I've no experience of buying furniture here so I can't make recommendations but a drive up the Polis Road will allow you to see quite a few furniture stores.

Pete


----------



## Pam n Dave (Jun 11, 2007)

PeteandSylv said:


> I've no experience of buying furniture here so I can't make recommendations but a drive up the Polis Road will allow you to see quite a few furniture stores.
> 
> Pete


Take a packed lunch and a flask, you could be there all day.


----------



## Geraldine (Jan 3, 2009)

Rema said:


> Hi,
> Can anybody recommend some good quality furniture shops in the Paphos area please.

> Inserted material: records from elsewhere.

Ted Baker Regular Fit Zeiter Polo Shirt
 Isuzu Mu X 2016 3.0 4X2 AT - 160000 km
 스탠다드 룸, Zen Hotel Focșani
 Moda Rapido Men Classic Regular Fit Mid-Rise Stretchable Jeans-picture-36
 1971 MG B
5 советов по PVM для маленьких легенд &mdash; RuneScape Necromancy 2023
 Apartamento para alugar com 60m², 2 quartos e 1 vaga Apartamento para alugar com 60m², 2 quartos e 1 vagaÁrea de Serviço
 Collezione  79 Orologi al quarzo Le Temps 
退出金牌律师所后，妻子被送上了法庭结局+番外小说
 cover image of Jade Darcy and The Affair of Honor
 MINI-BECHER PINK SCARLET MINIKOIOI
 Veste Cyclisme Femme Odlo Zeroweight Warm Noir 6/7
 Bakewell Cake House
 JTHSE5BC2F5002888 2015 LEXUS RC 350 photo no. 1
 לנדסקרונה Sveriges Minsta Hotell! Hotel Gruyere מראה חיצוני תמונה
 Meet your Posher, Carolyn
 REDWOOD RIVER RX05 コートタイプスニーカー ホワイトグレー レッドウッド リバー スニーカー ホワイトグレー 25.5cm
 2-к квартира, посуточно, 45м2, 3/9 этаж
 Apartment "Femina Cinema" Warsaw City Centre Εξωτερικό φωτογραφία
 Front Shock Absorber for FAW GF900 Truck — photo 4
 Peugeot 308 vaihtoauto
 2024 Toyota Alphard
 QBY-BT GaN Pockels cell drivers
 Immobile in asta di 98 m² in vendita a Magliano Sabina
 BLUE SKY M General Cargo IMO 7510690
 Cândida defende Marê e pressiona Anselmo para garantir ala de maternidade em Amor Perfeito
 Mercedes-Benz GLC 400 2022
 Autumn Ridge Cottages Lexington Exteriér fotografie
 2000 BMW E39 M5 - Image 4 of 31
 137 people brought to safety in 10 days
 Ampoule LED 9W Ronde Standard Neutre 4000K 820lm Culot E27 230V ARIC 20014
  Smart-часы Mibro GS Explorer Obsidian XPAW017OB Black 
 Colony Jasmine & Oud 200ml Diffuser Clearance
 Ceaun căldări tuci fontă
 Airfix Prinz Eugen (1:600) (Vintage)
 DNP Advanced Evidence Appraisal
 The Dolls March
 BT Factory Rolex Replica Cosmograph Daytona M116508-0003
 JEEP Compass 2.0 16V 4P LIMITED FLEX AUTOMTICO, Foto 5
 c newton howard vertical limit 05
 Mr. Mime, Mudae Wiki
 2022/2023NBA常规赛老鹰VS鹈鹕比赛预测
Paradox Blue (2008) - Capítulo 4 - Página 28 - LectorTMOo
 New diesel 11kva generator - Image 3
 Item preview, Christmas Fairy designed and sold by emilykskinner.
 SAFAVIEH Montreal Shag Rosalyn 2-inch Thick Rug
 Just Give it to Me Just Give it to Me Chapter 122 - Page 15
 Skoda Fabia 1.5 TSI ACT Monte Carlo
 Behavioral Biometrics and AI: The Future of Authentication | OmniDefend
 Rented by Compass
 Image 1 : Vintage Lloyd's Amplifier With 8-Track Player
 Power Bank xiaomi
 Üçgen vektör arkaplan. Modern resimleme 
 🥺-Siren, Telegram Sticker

I'm looking to buy beds and sofas etc. rather than ship my current furnishings.
> I understand it may be a bit more expensive to purchase in Cyprus but new beginnings and all.....plus I think it would be more fun to spend money on new stuff rather than shipping costs.
> 
> ...


Isn't Steptoes s'posed to be ok?

Must admit the name reminds me of the long ago TV prog, 'Alberrrt!!' and you 'Dirty Old Man........' Steptoe and Son

In the days when we had proper TV progs that you could laugh at.:focus:


----------



## Joycea82 (Mar 25, 2012)

Hello Rema,

I am planning a move to Cyprus in a years time and sent a container out two years ago, having investigated the prices over there, I spent half of the total amount quoted from stores in the Paphos region for just furniture (which did not include furnishings/ garden furniture etc) sending 39 boxes of goods and brand new sofas/ beds etc and used Burke Bros, who had previously moved us within the UK and offer a fantastic service.

Just another option you may want to consider, the only goods I selected over in Cyprus were white goods.

Kind regards

Joyce


----------